## DATA FOR THIS TASK
# # # # #

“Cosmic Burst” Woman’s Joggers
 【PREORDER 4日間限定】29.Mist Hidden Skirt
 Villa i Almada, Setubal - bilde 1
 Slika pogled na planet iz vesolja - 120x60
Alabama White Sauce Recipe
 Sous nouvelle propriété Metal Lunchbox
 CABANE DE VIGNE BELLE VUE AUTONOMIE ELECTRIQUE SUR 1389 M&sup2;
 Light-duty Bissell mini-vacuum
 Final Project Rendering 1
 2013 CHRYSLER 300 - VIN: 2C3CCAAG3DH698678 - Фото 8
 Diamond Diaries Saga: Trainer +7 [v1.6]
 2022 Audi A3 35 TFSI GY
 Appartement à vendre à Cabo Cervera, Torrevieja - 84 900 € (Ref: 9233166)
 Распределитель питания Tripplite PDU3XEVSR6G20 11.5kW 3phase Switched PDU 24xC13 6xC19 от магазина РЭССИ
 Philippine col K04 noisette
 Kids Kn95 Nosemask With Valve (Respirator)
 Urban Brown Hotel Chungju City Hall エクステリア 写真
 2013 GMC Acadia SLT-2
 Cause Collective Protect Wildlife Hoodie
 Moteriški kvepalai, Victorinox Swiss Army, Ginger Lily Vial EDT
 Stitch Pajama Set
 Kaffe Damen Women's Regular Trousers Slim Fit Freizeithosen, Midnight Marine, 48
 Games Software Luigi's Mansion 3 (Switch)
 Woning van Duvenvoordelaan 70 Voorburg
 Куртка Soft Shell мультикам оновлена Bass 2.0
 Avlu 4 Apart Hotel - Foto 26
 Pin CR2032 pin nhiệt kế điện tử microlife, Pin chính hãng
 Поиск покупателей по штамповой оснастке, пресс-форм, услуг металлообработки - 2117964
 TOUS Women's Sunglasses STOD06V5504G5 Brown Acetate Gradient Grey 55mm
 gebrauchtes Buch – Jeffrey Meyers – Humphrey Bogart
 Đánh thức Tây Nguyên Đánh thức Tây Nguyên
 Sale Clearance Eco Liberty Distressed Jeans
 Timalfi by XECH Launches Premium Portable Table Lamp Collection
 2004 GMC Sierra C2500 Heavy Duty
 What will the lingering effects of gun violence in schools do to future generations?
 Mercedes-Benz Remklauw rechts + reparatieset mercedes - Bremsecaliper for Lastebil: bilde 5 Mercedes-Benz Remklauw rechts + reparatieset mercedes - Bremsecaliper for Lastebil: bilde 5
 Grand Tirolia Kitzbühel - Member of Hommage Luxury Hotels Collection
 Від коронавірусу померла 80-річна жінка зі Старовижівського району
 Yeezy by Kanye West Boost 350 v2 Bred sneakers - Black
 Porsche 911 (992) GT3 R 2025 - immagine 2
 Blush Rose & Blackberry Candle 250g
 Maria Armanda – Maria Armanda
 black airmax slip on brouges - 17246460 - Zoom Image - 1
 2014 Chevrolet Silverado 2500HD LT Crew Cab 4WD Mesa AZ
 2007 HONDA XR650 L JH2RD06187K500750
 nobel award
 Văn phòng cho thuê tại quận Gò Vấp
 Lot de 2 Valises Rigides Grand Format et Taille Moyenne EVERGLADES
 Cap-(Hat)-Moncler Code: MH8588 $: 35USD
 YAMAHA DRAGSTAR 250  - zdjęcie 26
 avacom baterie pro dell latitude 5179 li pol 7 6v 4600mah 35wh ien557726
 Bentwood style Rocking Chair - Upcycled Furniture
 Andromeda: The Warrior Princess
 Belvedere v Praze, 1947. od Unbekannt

# # # # #

## GOAL OF THE EXERCISE
All lines above from the one containing "TOUS Women's Sunglasses" to the one containing "black airmax slip" must be repeated exactly, both lines included, and no others.

## ANSWER BOX
 TOUS Women's Sunglasses STOD06V5504G5 Brown Acetate Gradient Grey 55mm
 gebrauchtes Buch – Jeffrey Meyers – Humphrey Bogart
 Đánh thức Tây Nguyên Đánh thức Tây Nguyên
 Sale Clearance Eco Liberty Distressed Jeans
 Timalfi by XECH Launches Premium Portable Table Lamp Collection
 2004 GMC Sierra C2500 Heavy Duty
 What will the lingering effects of gun violence in schools do to future generations?
 Mercedes-Benz Remklauw rechts + reparatieset mercedes - Bremsecaliper for Lastebil: bilde 5 Mercedes-Benz Remklauw rechts + reparatieset mercedes - Bremsecaliper for Lastebil: bilde 5
 Grand Tirolia Kitzbühel - Member of Hommage Luxury Hotels Collection
 Від коронавірусу померла 80-річна жінка зі Старовижівського району
 Yeezy by Kanye West Boost 350 v2 Bred sneakers - Black
 Porsche 911 (992) GT3 R 2025 - immagine 2
 Blush Rose & Blackberry Candle 250g
 Maria Armanda – Maria Armanda
 black airmax slip on brouges - 17246460 - Zoom Image - 1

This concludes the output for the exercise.